И тут произошла пустяковая перестрелка, вошедшая в историю под
высокопарным названием бытвы при Вальми. Потери в ней составили всего около
трехсот человек французов и менее двухсот союзников. Тем не менее стычка
ознаменовала начало конца всей кампании. Впоследствии Бонапарт признавал,
что эта загадка по-прежнему приводит его в замешательство.
Пруссаки, довольствие которых зависело от местных поставок, остались
почти совершенно без еды и фуража. Они по колено увязали в грязи, их косила
дизентерия, которую приписывали известковой воде. Дождь лил не переставая.
Горизонт чернел тучами.
Герцог Брауншвейгский советовал союзникам отступить. Король Пруссии не
согласился, как и эмигранты, несмотря на то, что они попали в отчаянное
положение. Всем хотелось попытать счастья, дать сражение и захватить Шалон.

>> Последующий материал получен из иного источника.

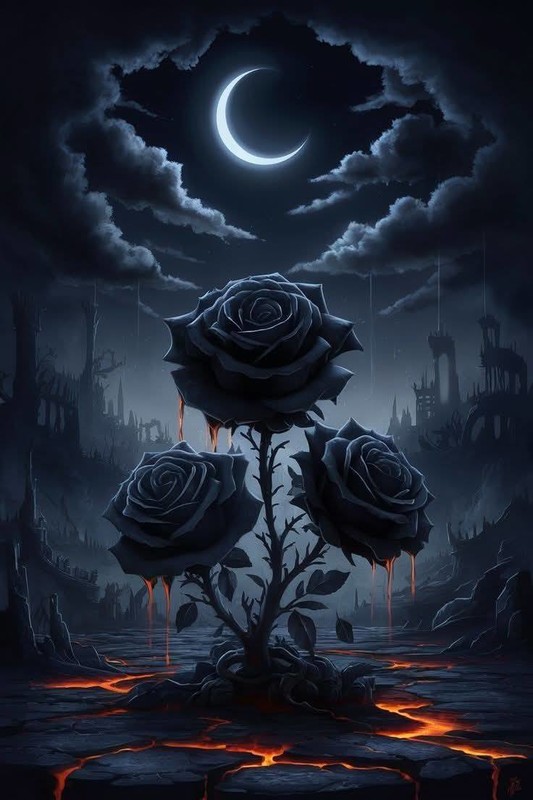 ROSES 4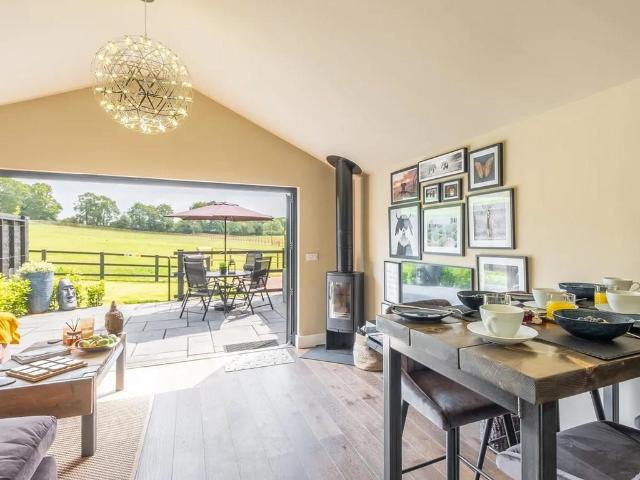 House for rent in Ewhurst, Waverley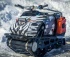 Мотобуксировщик Спутник Классический MAX Мотобуксировщик Спутник Классический MAX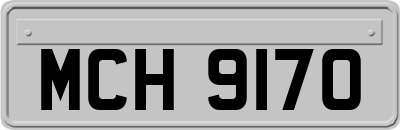 MCH9170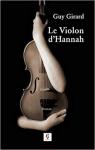 Le Violon d'Hannah par Girard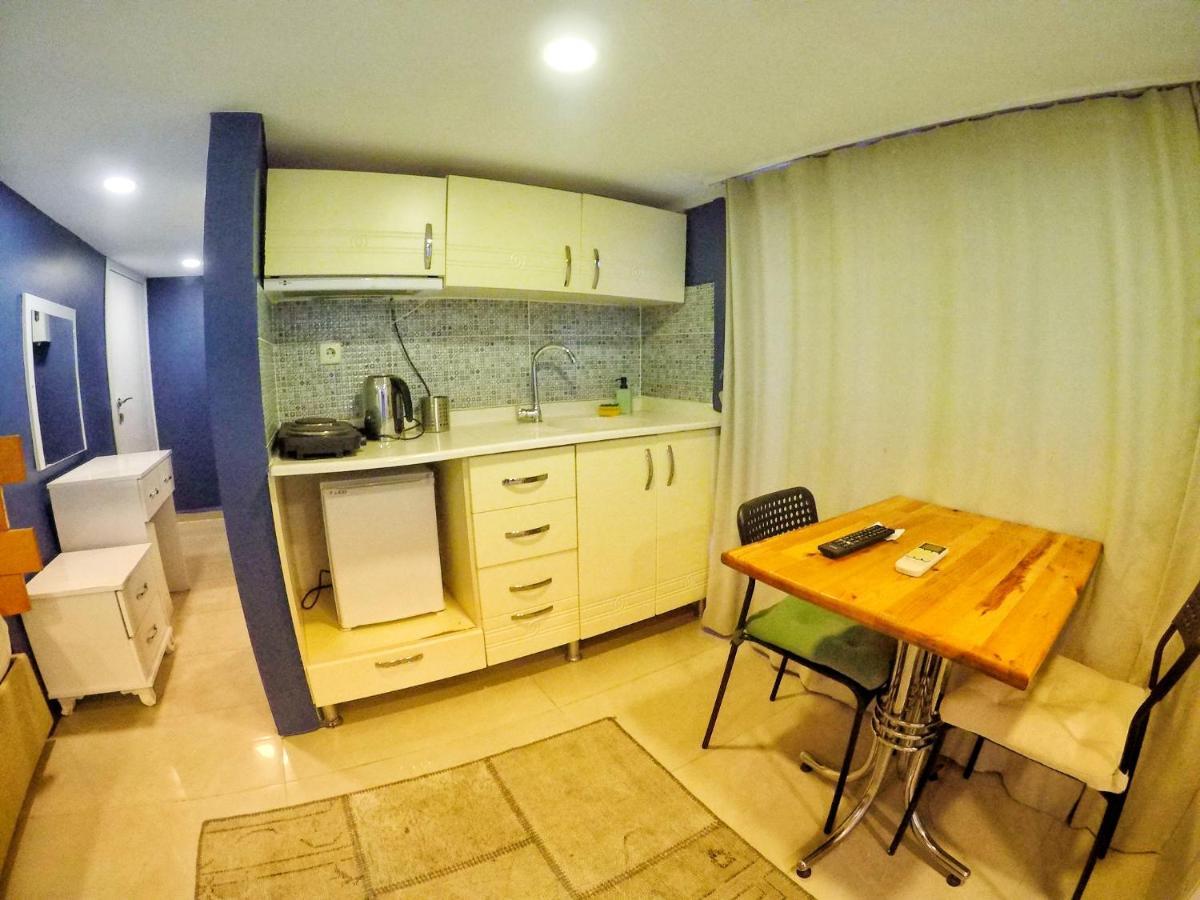 Laluna Hotel Near Grand Bazaar City Center Istanbul Eksteriør bilde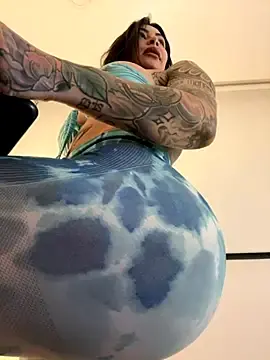 Stripchat Sex Chat of Iam_Annii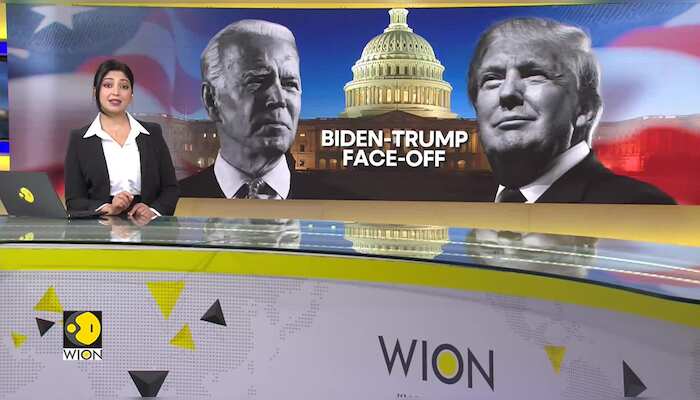 US: Joe Biden, Donald Trump agree to two debates on June 27 and September 10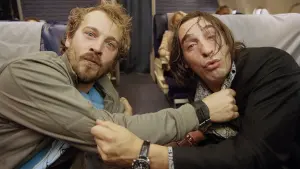 Backdrop to the movie "99 Francs" #275328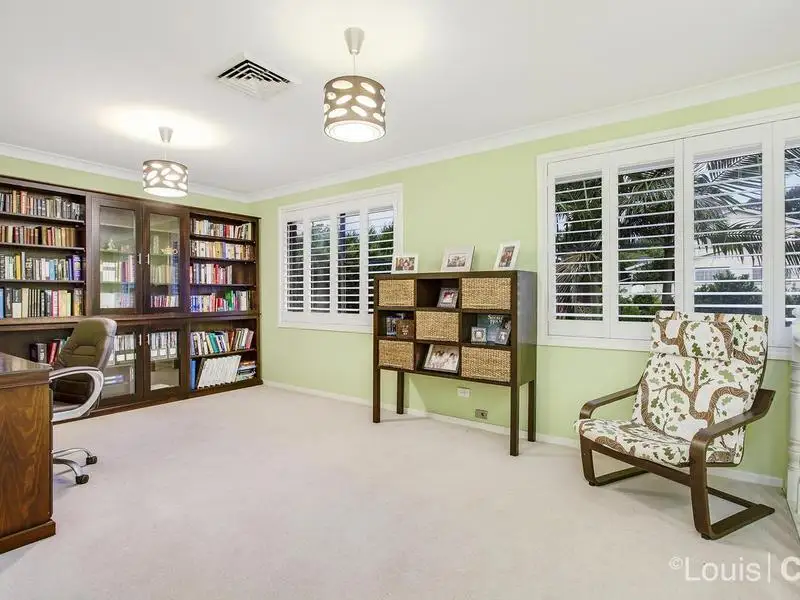 2 Stanley Avenue, West Pennant Hills Sold by Louis Carr Real Estate - image 3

Герцог возражал, утверждая, что на кону в этой игре стоит слишком многое. Он
доказывал, что поражение будет означать потерю целой армии, от которой
зависит судьба прусской монархии. Его величество дал-таки себя уговорить, и
30 сентября началось бесславное отступление огромного войска, преследуемого
голодом, дизентерией, дождем и распутицей.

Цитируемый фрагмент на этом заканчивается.